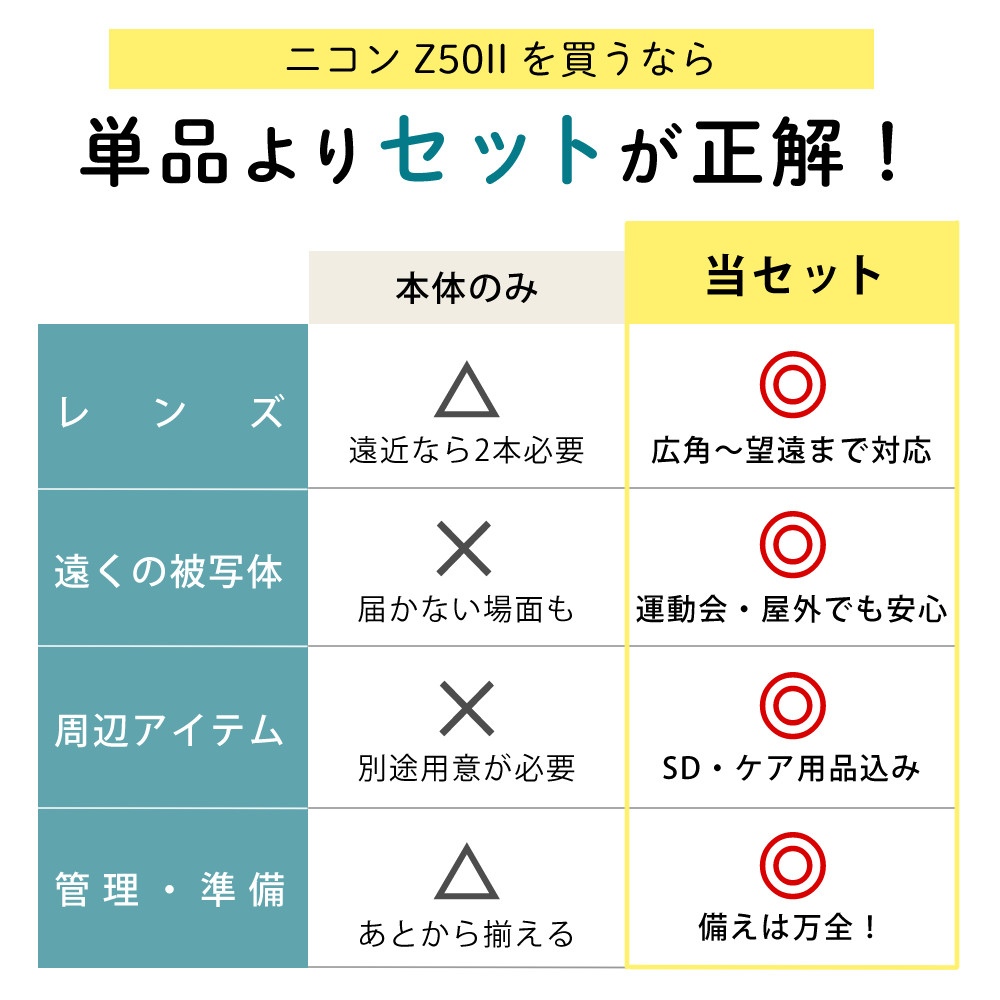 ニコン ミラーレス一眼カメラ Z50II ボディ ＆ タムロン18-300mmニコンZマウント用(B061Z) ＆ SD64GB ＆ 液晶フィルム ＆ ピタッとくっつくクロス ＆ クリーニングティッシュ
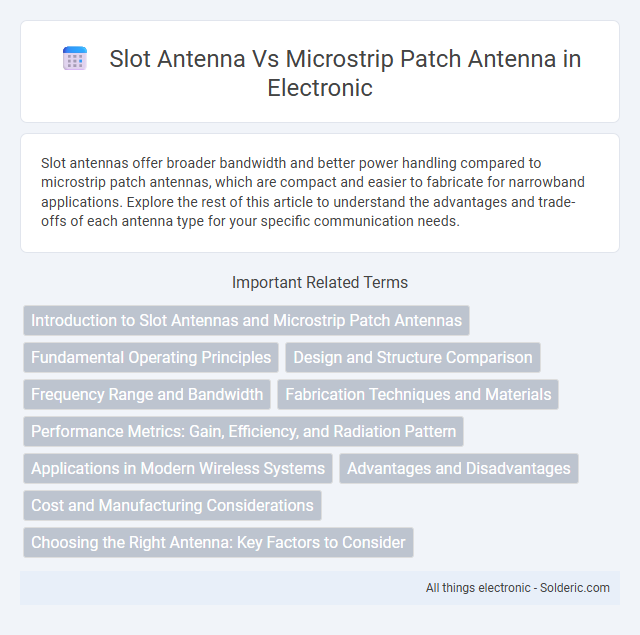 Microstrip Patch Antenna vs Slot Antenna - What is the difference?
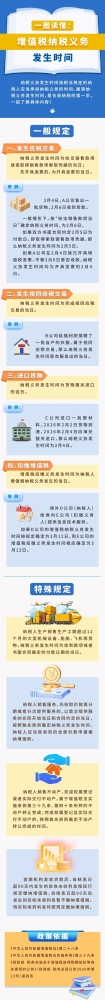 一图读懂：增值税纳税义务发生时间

────────────────────────────────────────

▸ Your objective
A word-for-word repeat is expected of the lines from the one with "Microstrip Patch Antenna" to the end of the data, both included; pictures are not part of it.

▸ Output for this task
 Microstrip Patch Antenna vs Slot Antenna - What is the difference?
 一图读懂：增值税纳税义务发生时间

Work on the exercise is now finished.